Herniated Discs are most often caused by the natural aging process and usually occur in middle-aged people. The vertebral discs in the spine are made-up almost entirely of water. Gradually as we age, normal wear-and-tear from movement, posture and other daily activities causes the discs to lose water making them less resilient. This weakening in the disc can lead to tear or rupture.

A traumatic event, such as car accident or sports injury, is another common source of a slipped disc. Heavy lifting and repetitive motion are also frequent causes. Other typical causes of pinched nerves are:

  • Natural Aging
  • Acute Injury
  • Whiplash
  • Repetitive Motion
  • Degenerative Disc Disease
  • Arthritis
  • Poor Posture
  • Poor Health or Obesity
  • Genetics
  • Improper Lifting and Twisting
  • Repetitive Motion or Overuse

Where can a herniated disc be located?

Herniated Disc in the Lumbar Spine: The lumbar discs are more susceptible to herniation than the cervical and thoracic intervertebral discs because they act as the body's main shock absorbers. They are also the most common cause of sciatica due to the proximity of the sciatic nerve.

Patients often complain of:

  • Sharp pain or soreness in the lower back
  • Radiating pain that travels down the leg, sometimes into the foot
  • Stiffness in the back
  • Weakness in the leg or foot
  • Tingling pain or pins and needles
  • Burning pain
  • Discomfort while sitting or standing
  • Interruption in sleep because of pain
  • Drop foot or difficulty lifting foot

Herniated Disc in the Cervical Spine: Neck pain is extremely common and sometimes that pain is caused by a slipped disc. Whiplash from a car accident is a common cause of cervical disc herniation. A herniated disc in the cervical spine is characterized by:

  • Sharp pain or soreness in the neck or shoulders
  • Radiating pain that travels into the arms or hands
  • Aching or burning pain
  • Feeling of pins and needles in the arms
  • Pain when you turn your head
  • Headaches or pressure at the base of the skull

Herniated Disc in the Thoracic Spine: A herniated disc in the thoracic spine is the most uncommon and usually caused by acute injury or accident.

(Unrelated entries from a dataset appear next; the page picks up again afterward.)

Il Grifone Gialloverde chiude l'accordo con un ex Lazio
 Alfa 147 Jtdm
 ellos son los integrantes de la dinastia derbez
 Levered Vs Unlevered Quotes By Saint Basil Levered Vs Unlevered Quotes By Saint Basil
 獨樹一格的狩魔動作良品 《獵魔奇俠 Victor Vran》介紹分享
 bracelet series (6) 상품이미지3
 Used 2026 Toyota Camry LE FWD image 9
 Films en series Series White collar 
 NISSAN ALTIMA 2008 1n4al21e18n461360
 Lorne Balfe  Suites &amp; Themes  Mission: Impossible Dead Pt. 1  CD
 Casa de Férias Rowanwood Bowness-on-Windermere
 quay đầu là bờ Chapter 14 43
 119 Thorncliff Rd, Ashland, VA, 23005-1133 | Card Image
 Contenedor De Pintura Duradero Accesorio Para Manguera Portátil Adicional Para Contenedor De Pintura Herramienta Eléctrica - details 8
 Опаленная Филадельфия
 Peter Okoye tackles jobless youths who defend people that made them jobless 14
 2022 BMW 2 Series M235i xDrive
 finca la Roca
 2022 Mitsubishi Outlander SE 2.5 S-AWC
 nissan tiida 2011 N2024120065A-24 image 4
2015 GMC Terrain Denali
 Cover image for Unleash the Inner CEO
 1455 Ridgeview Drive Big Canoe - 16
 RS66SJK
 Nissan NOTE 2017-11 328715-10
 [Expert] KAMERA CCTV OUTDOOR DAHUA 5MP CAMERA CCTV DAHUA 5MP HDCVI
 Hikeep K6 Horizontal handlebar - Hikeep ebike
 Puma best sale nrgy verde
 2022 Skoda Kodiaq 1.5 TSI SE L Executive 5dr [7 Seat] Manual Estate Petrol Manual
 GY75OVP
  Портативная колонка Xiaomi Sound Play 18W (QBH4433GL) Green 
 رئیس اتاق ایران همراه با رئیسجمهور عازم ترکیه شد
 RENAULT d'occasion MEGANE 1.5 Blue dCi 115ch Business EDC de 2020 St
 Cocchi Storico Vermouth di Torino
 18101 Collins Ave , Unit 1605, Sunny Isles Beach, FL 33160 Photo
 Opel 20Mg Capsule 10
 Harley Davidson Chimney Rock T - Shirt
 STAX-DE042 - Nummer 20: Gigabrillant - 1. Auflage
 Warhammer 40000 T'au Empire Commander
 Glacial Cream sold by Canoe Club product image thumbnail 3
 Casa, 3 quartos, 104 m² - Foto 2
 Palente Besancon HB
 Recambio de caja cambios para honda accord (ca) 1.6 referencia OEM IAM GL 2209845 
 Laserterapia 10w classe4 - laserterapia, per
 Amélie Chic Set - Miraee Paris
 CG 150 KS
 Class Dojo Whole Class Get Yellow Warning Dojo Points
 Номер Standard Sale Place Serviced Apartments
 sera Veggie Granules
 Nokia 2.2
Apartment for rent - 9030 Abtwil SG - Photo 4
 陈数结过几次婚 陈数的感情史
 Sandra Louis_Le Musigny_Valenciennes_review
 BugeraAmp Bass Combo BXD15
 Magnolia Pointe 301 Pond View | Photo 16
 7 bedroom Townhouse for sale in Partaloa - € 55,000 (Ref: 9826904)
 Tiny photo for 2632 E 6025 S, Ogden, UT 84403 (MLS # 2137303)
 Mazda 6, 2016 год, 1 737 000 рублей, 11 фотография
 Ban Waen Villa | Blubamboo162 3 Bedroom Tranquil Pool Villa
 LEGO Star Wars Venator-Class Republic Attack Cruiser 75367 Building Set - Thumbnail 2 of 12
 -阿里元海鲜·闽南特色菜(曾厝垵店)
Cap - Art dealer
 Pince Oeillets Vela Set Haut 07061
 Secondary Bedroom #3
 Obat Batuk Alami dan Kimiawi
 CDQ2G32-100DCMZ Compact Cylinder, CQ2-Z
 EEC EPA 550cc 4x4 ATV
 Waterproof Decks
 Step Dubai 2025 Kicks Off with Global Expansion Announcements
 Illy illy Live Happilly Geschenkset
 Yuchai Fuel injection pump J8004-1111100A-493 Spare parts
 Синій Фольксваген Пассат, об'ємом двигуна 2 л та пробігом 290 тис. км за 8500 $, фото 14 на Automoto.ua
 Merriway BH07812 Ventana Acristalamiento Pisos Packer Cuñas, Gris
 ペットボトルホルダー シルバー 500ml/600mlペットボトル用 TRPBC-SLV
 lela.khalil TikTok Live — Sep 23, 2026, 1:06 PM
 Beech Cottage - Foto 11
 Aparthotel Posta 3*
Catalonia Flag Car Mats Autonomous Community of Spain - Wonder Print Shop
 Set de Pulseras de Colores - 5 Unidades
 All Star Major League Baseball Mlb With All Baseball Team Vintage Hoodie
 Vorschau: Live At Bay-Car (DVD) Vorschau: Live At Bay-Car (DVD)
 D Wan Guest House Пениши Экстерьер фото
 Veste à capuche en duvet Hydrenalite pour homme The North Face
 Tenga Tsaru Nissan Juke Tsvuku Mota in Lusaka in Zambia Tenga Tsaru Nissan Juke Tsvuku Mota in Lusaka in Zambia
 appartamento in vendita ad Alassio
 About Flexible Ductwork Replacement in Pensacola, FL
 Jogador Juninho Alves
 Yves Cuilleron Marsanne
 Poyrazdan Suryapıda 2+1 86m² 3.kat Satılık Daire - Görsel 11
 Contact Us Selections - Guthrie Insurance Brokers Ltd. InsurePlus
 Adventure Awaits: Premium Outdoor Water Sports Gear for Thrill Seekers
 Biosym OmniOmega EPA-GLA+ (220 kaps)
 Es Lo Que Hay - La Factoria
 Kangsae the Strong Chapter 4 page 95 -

Patients often complain of:

  • Pain in the mid-back
  • Pain between the shoulders
  • Chest pain
  • Shortness of breath
  • Tingling or pins and needles
  • Weakness in the mid back
  • Sharp pain or aching
  • Pain while coughing or sneezing

How is a herniated disc diagnosed?

After a complete medical history review and clinical examination, patients suffering from symptoms associated with a herniated disc are often sent for imaging. An MRI, CT scan and X-ray are the most common imaging tests used to diagnose a slipped disc.

How is a herniated disc treated?

Treatment for a herniated disc depends on the pain associated with the problem. Many people who suffer from slipped discs experience mild to no side-effects at all. Patients who do experience pain or discomfort are often prescribed conservative care and rest. Rest take the pressure off the spine and helps the disc to heal naturally. Conservative care treatments for herniated discs are as follows:

  • Heat and Ice
  • Physical Therapy
  • Stretching
  • Exercise
  • Chiropractic Care
  • Epidural Steroid Injections
  • OTC Medication such as ibuprofen to reduce inflammation
  • Muscle Relaxants to calm muscle spasms
  • Narcotics or Opioids short term as they can be habit forming and lose effectiveness over time as patient develops tolerance.